The carmaker raises cash at a 6.9% discount to fund acquisitions, while its chairman trims his stake.

China's largest private car manufacturer Geely Automobile Holdings raised HK$1.08 billion ($138 million) from a share placement on Tuesday night, the company announced yesterday morning.
A total of 800 million shares were on offer, of which 570 million were primary shares. The remaining secondary portion was sold by Proper Glory Holdings, Geely's controlling shareholder, which is 90% owned by the carmaker's founder, Li Shu Fu. The vendor agreed to a three-month lock-up after the transaction.
The shares being sold represented 11.34% of the enlarged share capital.
The shares were offered in a range between HK$1.33 and HK$1.38, with a discount of between 4.8% and 8.3% versus Tuesday's closing price of HK$1.45. The final price was set at HK$1.35, which translates to a 6.9% discount. 
A source close to the deal said that the book was well covered by around 40 accounts.
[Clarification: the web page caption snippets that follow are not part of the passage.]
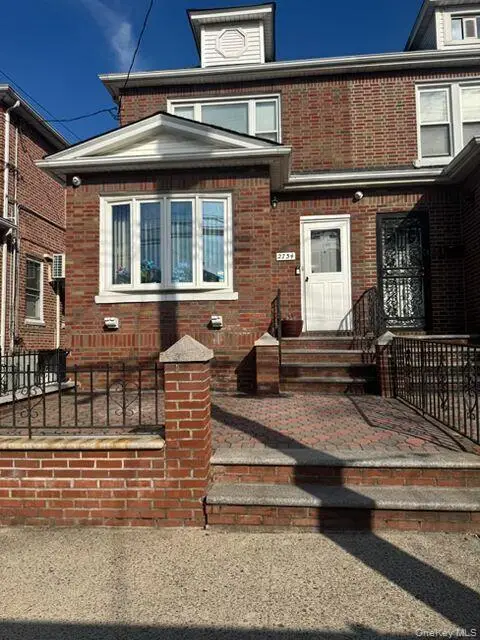 2734 Pearsall Avenue, Bronx, NY 10469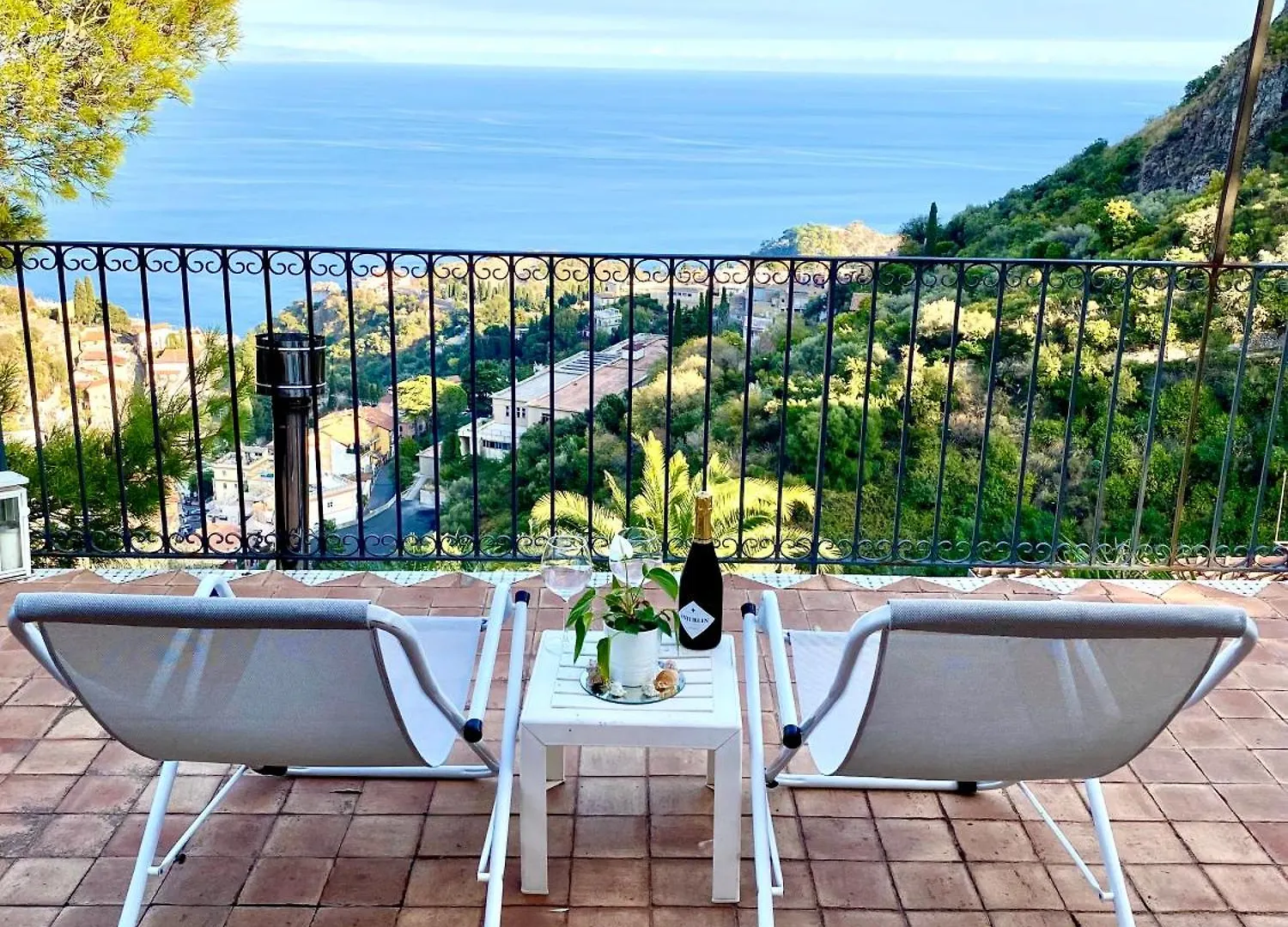 فندق Casa Dei Sogni تاورمينا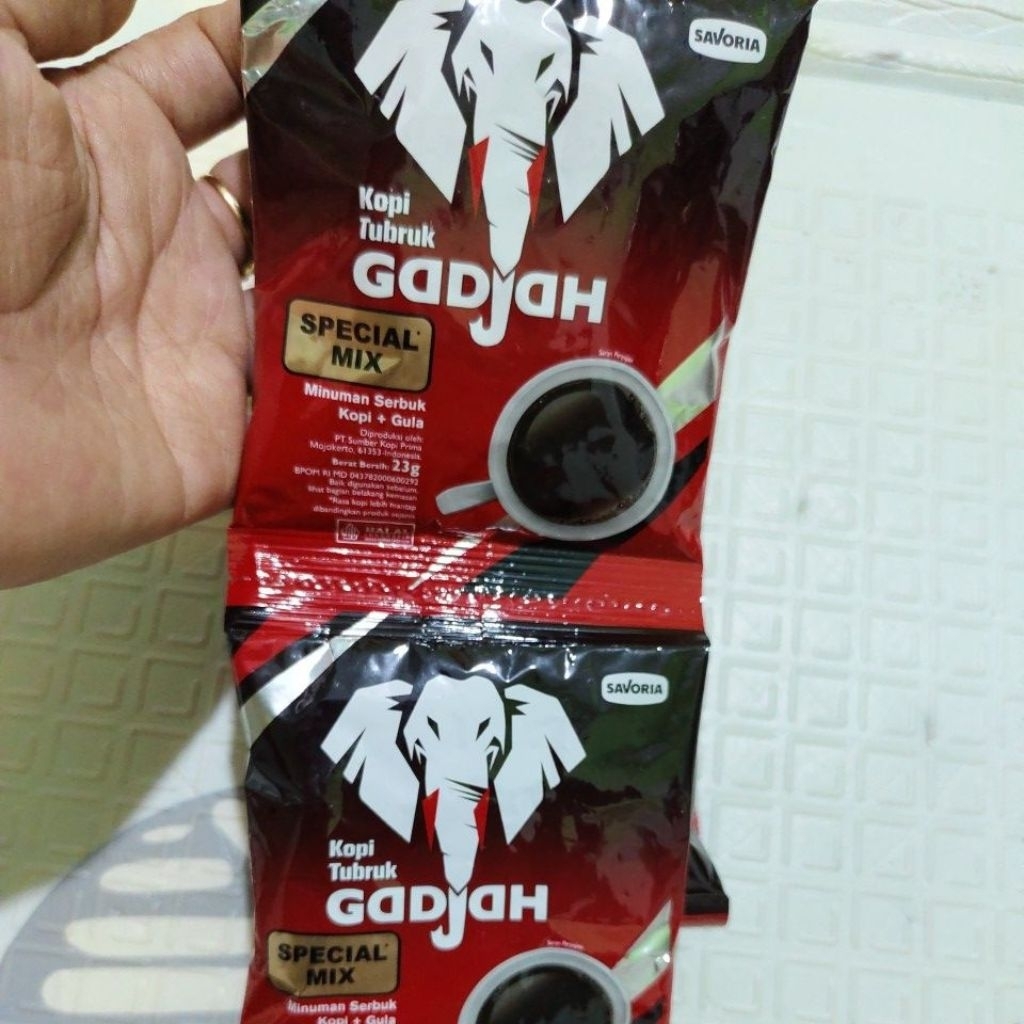 

KOPI TUBRUK GADJAH SPESIAL MIX 23g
While there was some demand from hedge funds, the deal was taken up by a core group of long-only accounts that all put in "good, chunky orders".
China's automobile industry has been going through dire straits over the past year, partly due to the fact that nearly everyone who wants a car and can afford it has already got one. And, as a result, car companies have suffered from bulging inventories.
In reaction to this, the government on Tuesday announced that it was increasing the amount of money put aside to subsidise the purchase of new cars to Rmb5 billion ($734 million) from the previous sum of Rmb1 billion. This news could have been behind the 4.3% rise in Geely's shares on the day of the placement.
But more generally, Geely's shares have been a strong performer ever since they hit a low of HK$0.23 in late October. Since then they have had a stratospheric recovery, which gained pace in March. The company's share price fell 4.8% after the placement yesterday to close at HK$1.38.
The company intends to use approximately 75% of the money to fund current and future acquisitions. The remainder will be used as working capital. The current acquisition that needs paying for is the A$58 million ($40 million) purchase of Drivetrain Systems International, an Australian manufacturer of automotive transmissions for original equipment manufacturers. Drivetrain filed for bankruptcy in February and was scooped up by Geely in March.

The share sale was organised by J.P. Morgan and Macquarie.